On  a wet miserable day recently I started this update on the diet incorporating that week and other recent highlights. Friday started well with warm sunshine and work in the garden and a light lunch of jamon Iberico and asparagus sauted with chorizo, and the daily walk with the dogs and finished better with aperitivi (Scarzello 2011 Nebbiolo) at al nido della cinciallegra in Neive and a tagliatta at La Torre del Monastero also abetted by Nebbiolo. Thursday was a “fast day” with golf (helped by forgetting the carrots and celery) and salad for tea with just water. Wednesday ended with dinner at Stefano Paganini‘s and a superb Barbaresco Riserva Montestefano 2009 from Produttori del Barbaresco. Tuesday included a lovely 2 course “worker’s lunch” at i due regni for just €10! Monday was water and asparagus; enough said. Sunday lunchtime, drinks at the circolo in Castagnole followed by Asian chicken noodle salad and Ca del Baio Langhe Nebbiolo at home. Saturday’s highlight was my favourite (until black truffles arrive) Napoli pizza with onion and a seafood special one for HO at Pizzeria Il Camino. I love dieting.

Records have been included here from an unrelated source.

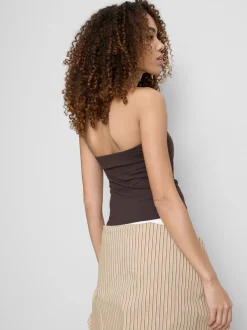 Bandeau-Top mit hohem Baumwollanteil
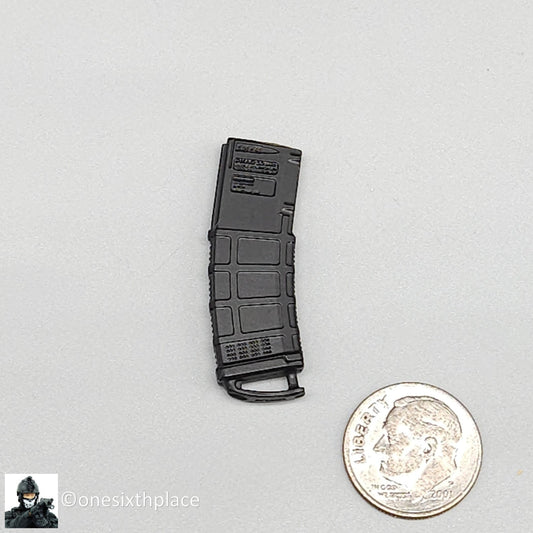 1:6 Easy & Simple PMC PMAG 30rd Rifle Ammo Mag w/ Ranger Plate for 12" Figures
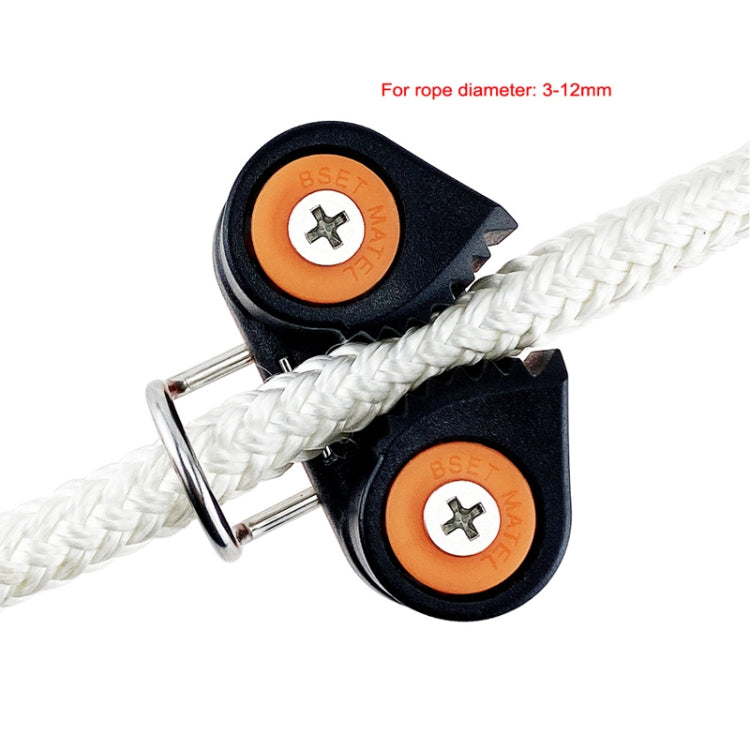 Double Nylon Ball Rope Clamp With Guide Ring Automatic Rope Clamp Boat Accessories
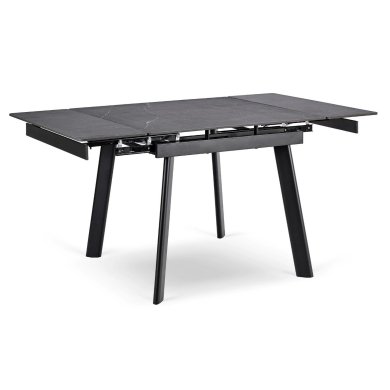 Розкладний обідній стіл Mebel Elit LARES Ceramic Marmur Чорний ME.LARES/CZ/CZ/CER/S90-150 фото - 3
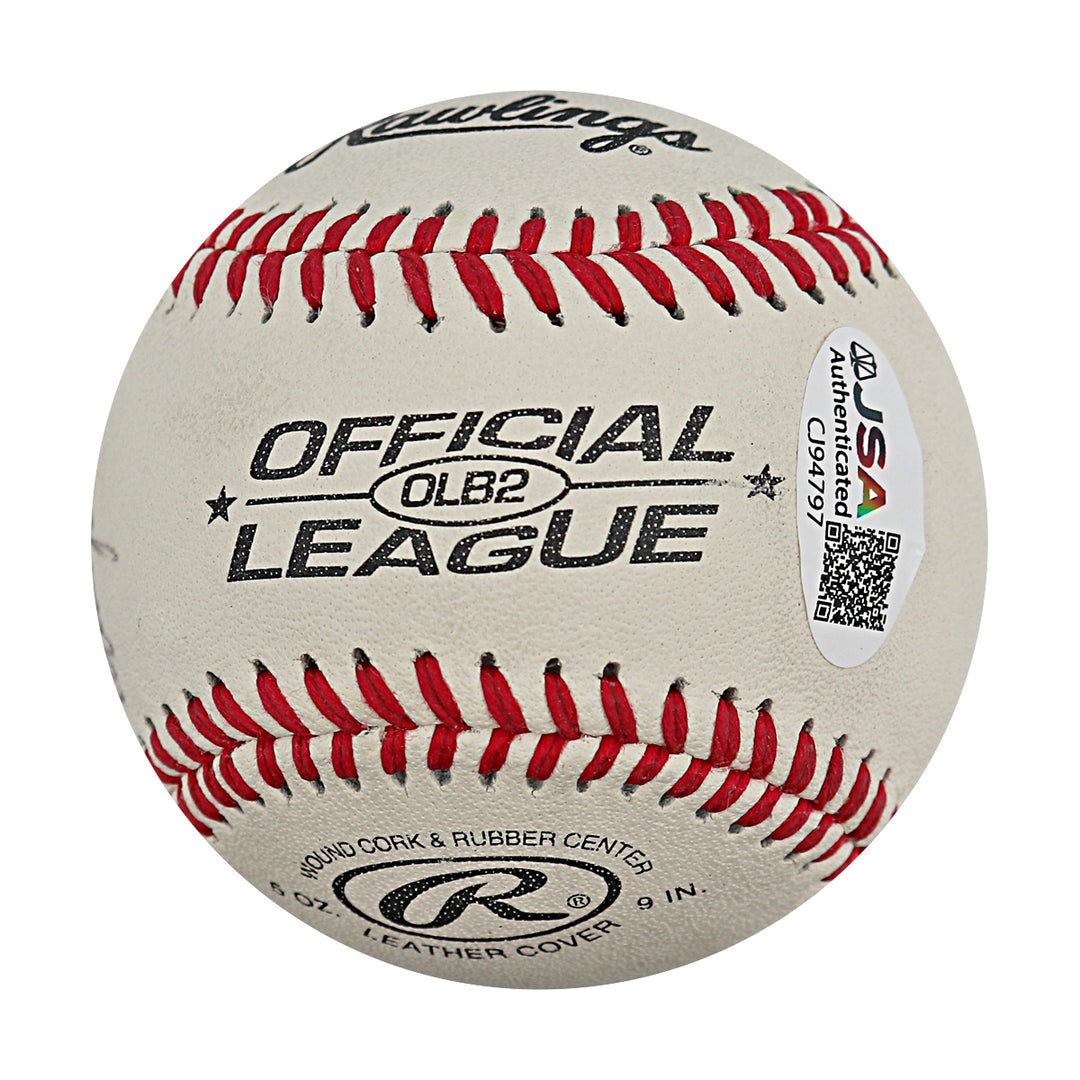 Don Zimmer Yankees Autographed Personalized Official League Baseball JSA COA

This simple diet is helping shed the surplus kgs added during a recent trip to Tokyo where we overindulged our passion for Japanese food. 6 days of sushi, sashimi, shabu shabu, udon, ramen, tempura, tepanyaki, yakitori, donzeu, curry and beer and just a couple of bottles of wine. BA 1st class on air miles didn’t help.

Ettore Germano

Ettore Germano

Ettore German

Ettore German

We’ve also managed some new winery visits and added them to our favourites. These included the quirky Ettore Germano who is constantly changing his philosophy and indulging his passion for white wine and bubbles. His current preference is for thin, untoasted french oak barrels (Ardour) of 700l which although more oxygen. He has also introduced screw-top bottles recently because he feels the quality of corks is declining due to impatience with the harvesting (12 years minimum).

Since 1856 to around 20 years ago the family mainly sold the grapes rather than produce wine. As is a recurring theme in the region, it is the younger generation (son Sergio) who return from studying at oenological college and provide the impetus to produce wine and market it under the house name. Since 1856 the estate has  grown from 6h to 10h in Serralunga for red wines plus 5h in Cigliè in Alta Lagna solely for the cultivation of varieties used for white wines.

What turned us on?

Rosana Brut Rosé Metodo Classico- I’m beginning to develop a taste for sparking Nebbiolo with its characteristic tannic length. Throw in a strawberry nose and summer is taken care of.

Langhe Nascetta- not a grape I am familiar with but this unusual wine was almost salty? It had me looking round to see if there were any fresh anchovies which it would have complemented perfectly.

Langhe Chardonnay that had only been in the bottle 3 weeks was all pear drops and fruit salad (the sweets).

Barbera d’Alba Superiore “Vigne della Madre” had a fudgey nose, fresh fruity acidity and top length

As you would expect from Serralunga the Barolos were top drawer, particularly the muscular 2009 Cerretta with its intense length and black pepper finish and the elegantly complex 2007 Lazzarito Riserva.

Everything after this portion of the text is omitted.